* _Work item_: State the number of lines in the records that contain "Sports", with no other words.

[Entries taken from a collection]
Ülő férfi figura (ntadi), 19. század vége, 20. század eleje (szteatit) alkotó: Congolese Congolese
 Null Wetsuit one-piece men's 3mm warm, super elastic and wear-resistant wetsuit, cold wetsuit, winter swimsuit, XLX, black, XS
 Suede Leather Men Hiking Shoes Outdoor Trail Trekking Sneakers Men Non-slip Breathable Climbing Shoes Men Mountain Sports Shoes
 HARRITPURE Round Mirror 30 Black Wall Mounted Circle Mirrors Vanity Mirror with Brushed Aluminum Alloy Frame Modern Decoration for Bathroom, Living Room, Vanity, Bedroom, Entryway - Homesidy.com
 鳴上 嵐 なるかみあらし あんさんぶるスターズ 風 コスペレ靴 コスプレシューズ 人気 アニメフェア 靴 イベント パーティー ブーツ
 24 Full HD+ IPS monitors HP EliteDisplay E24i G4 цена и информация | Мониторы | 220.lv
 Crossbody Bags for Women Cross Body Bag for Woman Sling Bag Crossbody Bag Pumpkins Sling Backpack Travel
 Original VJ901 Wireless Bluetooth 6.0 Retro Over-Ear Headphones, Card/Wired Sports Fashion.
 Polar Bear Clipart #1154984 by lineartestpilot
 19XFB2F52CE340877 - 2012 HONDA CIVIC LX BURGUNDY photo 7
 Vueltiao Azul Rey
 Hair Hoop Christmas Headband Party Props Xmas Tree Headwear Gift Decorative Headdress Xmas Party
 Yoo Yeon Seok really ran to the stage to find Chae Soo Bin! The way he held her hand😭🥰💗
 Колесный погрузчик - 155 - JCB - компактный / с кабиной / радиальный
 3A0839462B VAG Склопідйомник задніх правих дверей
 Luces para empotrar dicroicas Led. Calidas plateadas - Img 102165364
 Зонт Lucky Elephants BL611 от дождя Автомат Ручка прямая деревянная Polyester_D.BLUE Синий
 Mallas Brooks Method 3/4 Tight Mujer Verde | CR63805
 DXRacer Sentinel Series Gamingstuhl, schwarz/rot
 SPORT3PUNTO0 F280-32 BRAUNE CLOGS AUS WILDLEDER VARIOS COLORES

* _Solution to this task_: 2